Your in-depth look at the capacity, capabilities and future direction of the nation’s largest carriers
January 1, 2007
Welcome to our second annual Top Tier report offering a comprehensive look at the nation's largest for-hire carriers. In the following pages you will find detailed and up-to-date information about the...
Welcome to our second annual Top Tier report offering a comprehensive look at the nation’s largest for-hire carriers. In the following pages you will find detailed and up-to-date information about the capacity and capabilities of the 100 largest for-hire motor carriers in Canada, as well as the next 25. You will also find statistics about their vehicle replacement strategies and buying plans for 2007. This exclusive data is from annual research conducted by our sister company, BIG Transportation Media research.
While Ottawa’s move last year to curb the growing trend towards income trusts may serve to temporarily slow down merger and acquisition plans among Canada’s largest fleets it cannot alter the growing industry understanding that size does matter. The increasingly sophisticated service and quality demands from shippers requires carriers to grow into either very strong niche players or large players with a wide geographic reach and services portfolios.
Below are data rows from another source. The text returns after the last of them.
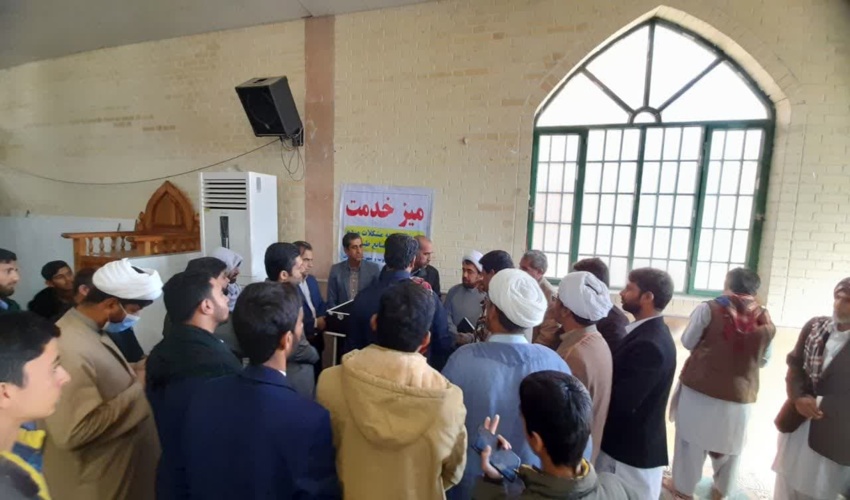 برپایی میز خدمت اداره کل منابع طبیعی و آبخیزداری جنوب کرمان در نماز جمعه جازموریان 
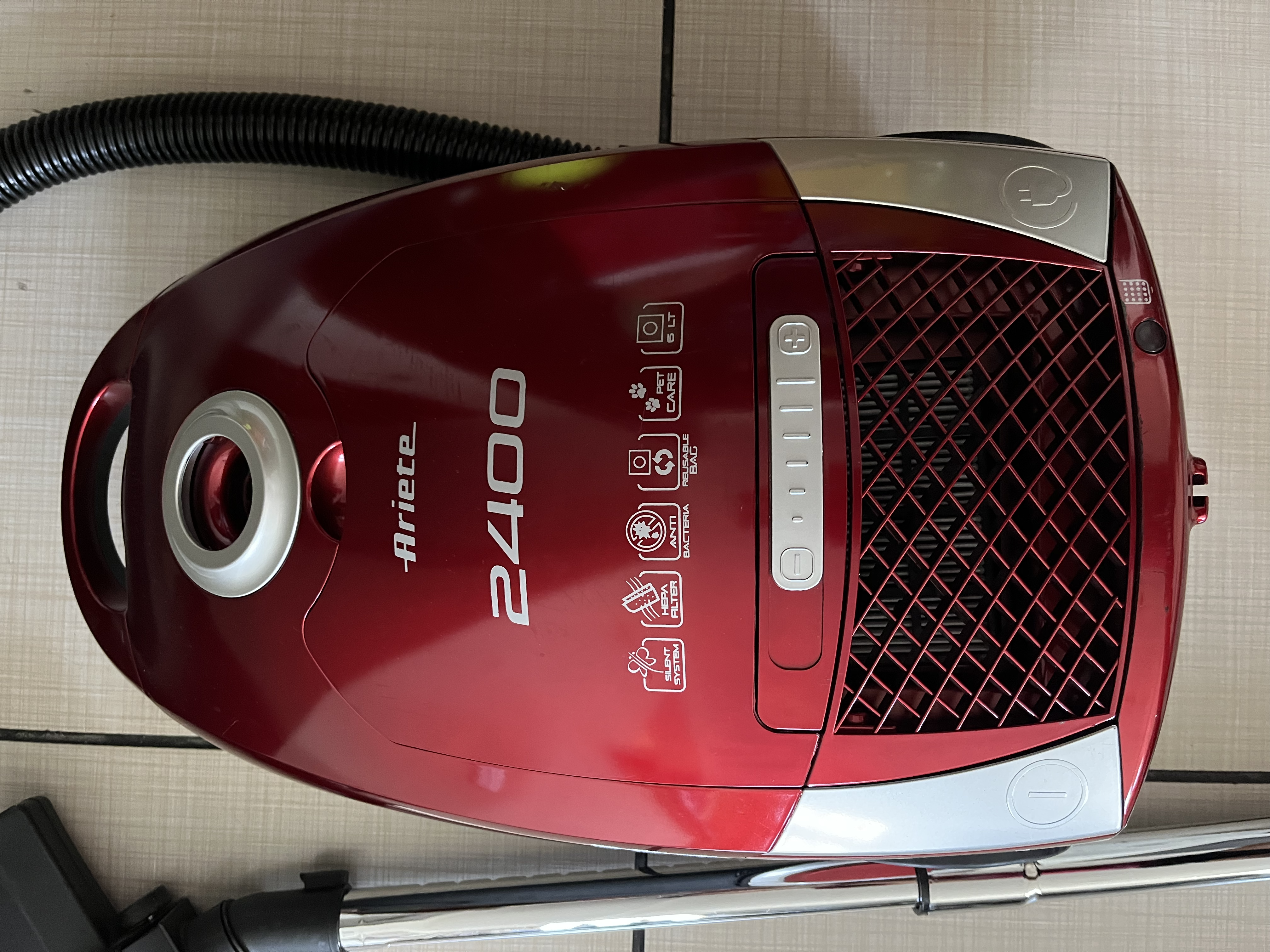 Vacuum Cleaner - Image 2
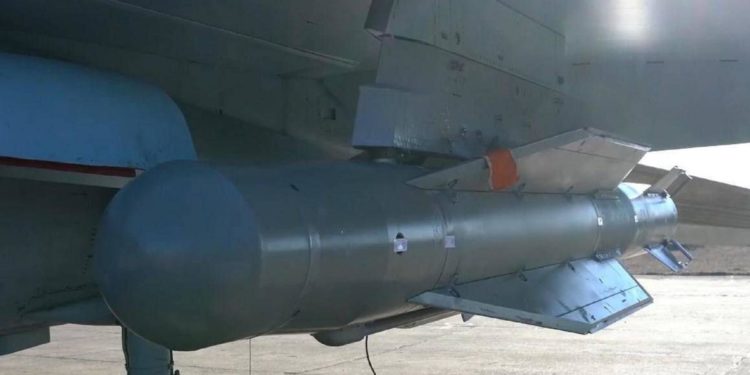 Ucraina, media: Russia lancia superbomba da 1.500 kg per prima volta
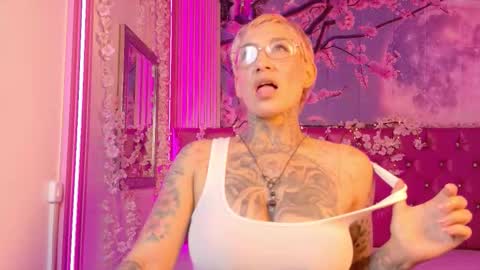 Snapshot of everlyn_sexx chatting on 02-28-26, 06:09 everlyn_sexx online show from 02-28-26, 06:09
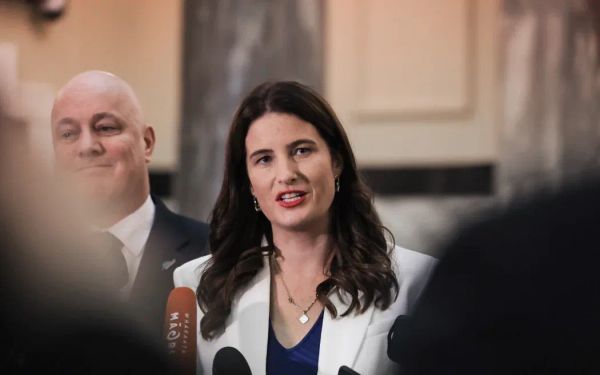 政府被指暗地扩大公共服务部门削减规模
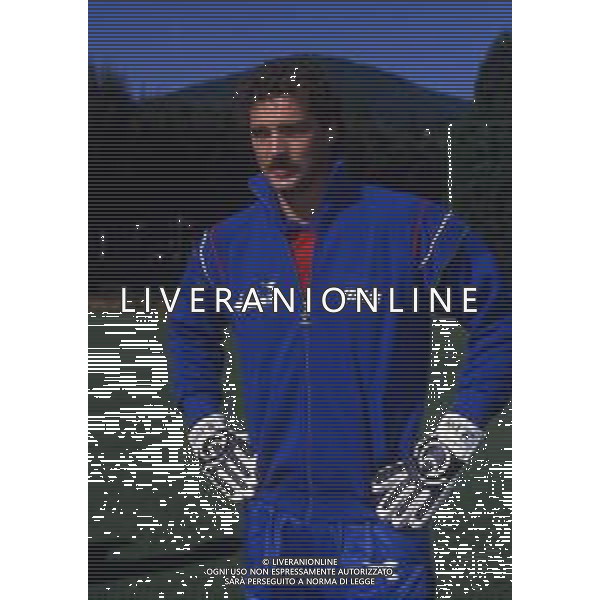 RETROSPETTIVA STEFANO TACCONI CALCIATORE NELLA FOTO STEFANO TACCONI CON LA MAGLIA DELLA NAZIONALE ITALIANA IN ALLENAMENTO AG ALDO LIVERANI SAS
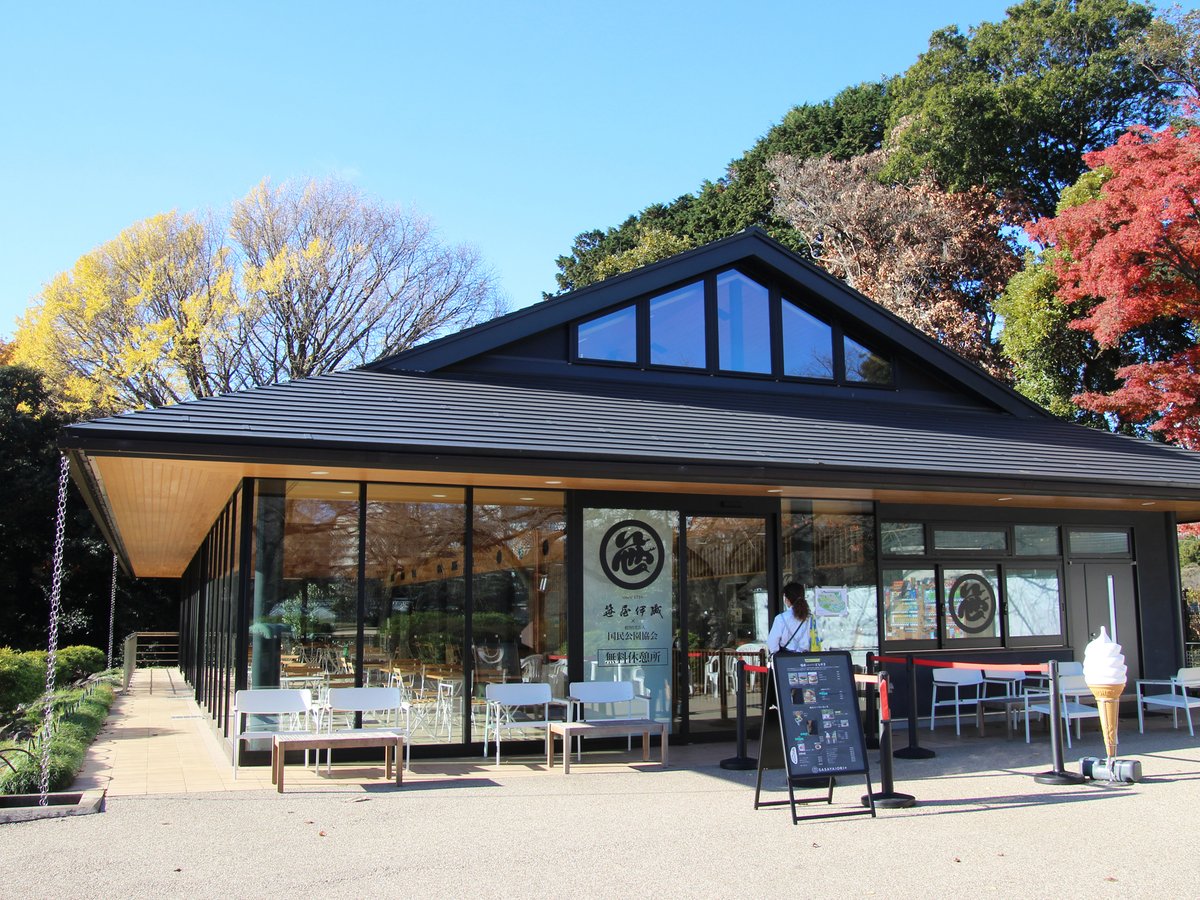風景式庭園にある中央休憩所 #カフェ「SASAYAIORI＋新宿御苑では季節の #スイーツ をご用意。今のおすすめは「福来どらやき 安納芋」。しっとりとした #安納芋 の餡、生クリーム、粒あんをふわふわの #どら焼き で挟んだ人気商品です。自然な甘さで気分がほっこりしますよ☺
#新宿御苑 #和スイーツ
There were 135 US or Canadian transportation-related M&A transactions in 2006, according to market analysts BMO Capital Markets, and trucking operations were amongst the most aggressive. The new legislation, which places trusts on an even footing with corporate tax rules, may clip the wings somewhat of income fund structured players such as TransForce Income Fund, Contrans Income Fund and Mullen Group Income Fund, which had been extremely active acquirers in recent years and spearheaded the trend towards motor carrier consolidation. But all that will likely mean is more opportunities for the traditionally structured players to more aggressively pursue mergers and acquisitions.
This comprehensive guide is not intended as a mere tally of vehicle counts. In fact, we have chosen not to list the top 100 carriers by size. The top 100 carriers, as well as the next 25, are listed in alphabetical order because we believe that after a certain threshold, optimum fleet size is a reflection of the different markets these fleets are meant to serve.
The nation’s largest carriers influence the industry through more than the sheer size of their operations and their ability to drive industry consolidation. Their vision of the industry’s future and the growing sophistication with which they plan their strategies are also highly influential. Keeping that in mind, we asked six of the industry’s top CEOs to share their insights on how commercial transportation will evolve over the next 25 years. I think you will find their comments informative and insightful.
I would also like to thank the founding sponsors of our Top Tier report, Peoplenet Canada, Mack Canada and Kinedyne who continue with their support. Their support is instrumental in helping us deliver such a comprehensive report.
We hope our report serves as a tool not only for the largest carriers to keep tabs on their competitors but also as a tool for the smaller and medium-sized fleets to contrast their buying strategies with the industry’s largest and gain a fuller understanding of the trends and issues they can expect to deal with in future years.